Doch zunächst möchten wir allgemein erläutern was ein Werkvertrag beinhaltet. In erster Linie wird im Vergleich zur Arbeitnehmerüberlassung keine, über einen Verleiher angebotene Arbeitskraft an den Arbeitgeber entliehen, sondern eine vorher festgesetzte Dienstleistung muss erbracht werden. Somit schuldet der Verleiher dem Arbeitgeber die Erbringung einer konkreten Leistung und deren Erfolg und nicht nur die Bereitstellung eines geeigneten Mitarbeiters. Daher kann auch die Einstellung von Mitarbeitern mit einem Werkvertrag über die Einkaufsabteilung abgewickelt werden, denn im Vergleich zur Arbeitnehmerüberlassung muss weder die Personalabteilung noch der Betriebsrat der zeitweisen Beschäftigung zustimmen.

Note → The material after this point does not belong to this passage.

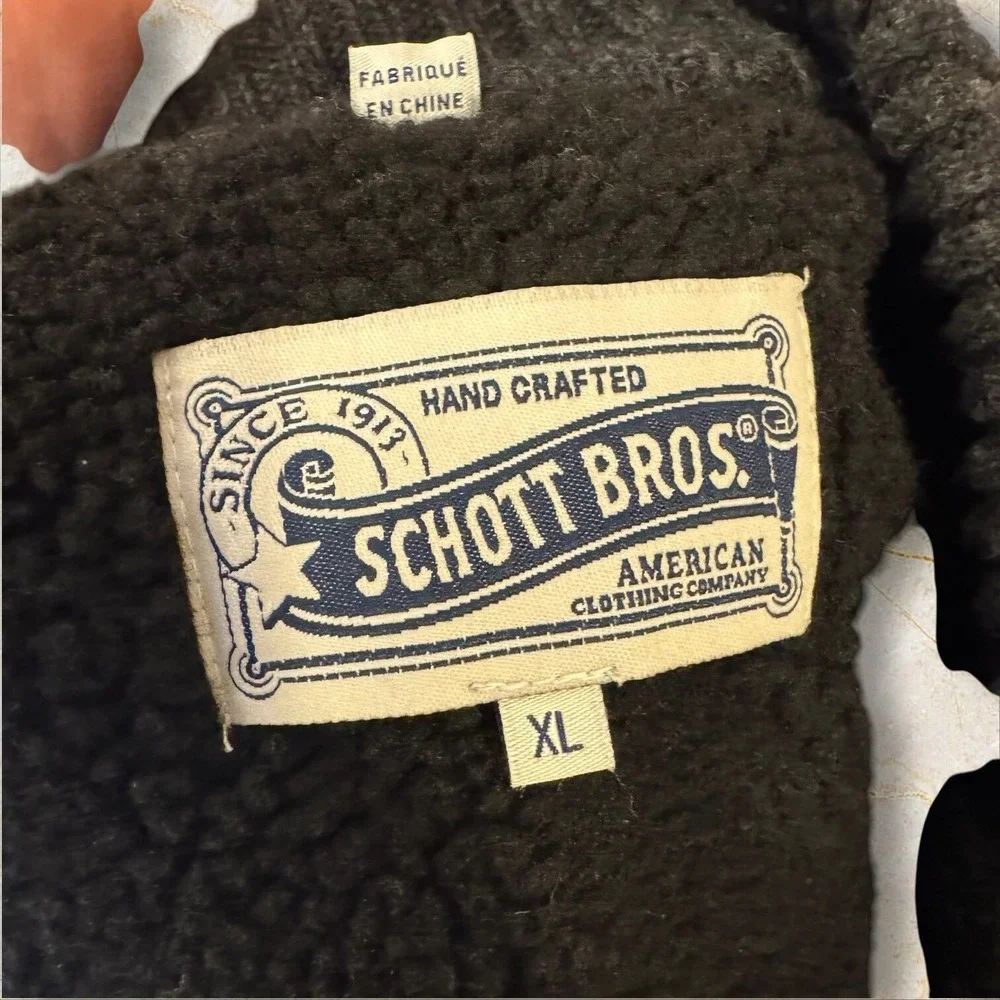 Schott Bros Cable Knit Full Zip‎ Sweater Jacket Charcoal Gray XL Mens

Doch diese Entwicklung auf dem Arbeitsmarkt schadet letztlich allen Arbeitnehmern. Das sogenannte Lohndumping ist sowohl politisch als auch gesellschaftlich wieder in aller Munde. Denn durch eben diese Werkverträge wird der eigentlich zum Schutz der Arbeitnehmer eingeführte Mindestlohn, ebenso wie die Tarifverträge umgangen. Somit haben nun auch Arbeitnehmer der Stammbelegschaft ein Problem damit ihre Lohnansprüche geltend zu machen, denn die Unternehmensführung kann Mitarbeiter innerhalb eines Werkvertrages wesentlich geringer auszahlen und entlohnen. Viele Mitarbeiter fürchten um ihre vollwertigen Arbeitsplätze und haben Angst davor, durch Werkvertragsmitarbeiterersetzt zu werden. Gesamt gesehen führt dies also dazu, dass Arbeitnehmer in vielen Bereichen schlechter bezahlt werden. Viele qualifizierte Kräfte werden durch preisgünstigeres Personal ersetzt und die allgemeine Situation am Arbeitsmarkt leidet darunter.

Wir als Personaldienstleister sind darauf bedacht geleistete Arbeit tarifvertraglich zu entlohnen und sprechen uns deutlich gegen das aufkommende Lohndumping aus. Die Position unserer Branche leidet natürlich auch unter den Werkverträgen. Viele lassen außer Acht, dass unsere externen Mitarbeiter hart arbeiten und nach Tarifvertrag oder dem „equal-pay-Prinzip“ entlohnt werden. Selbstverständlich ist für uns eine gute Zusammenarbeit zwischen Arbeitgeber und Arbeitnehmer wichtig, doch muss unserer Meinung nach gewährleistet sein, dass keiner der beiden Parteien finanziell benachteiligt ist.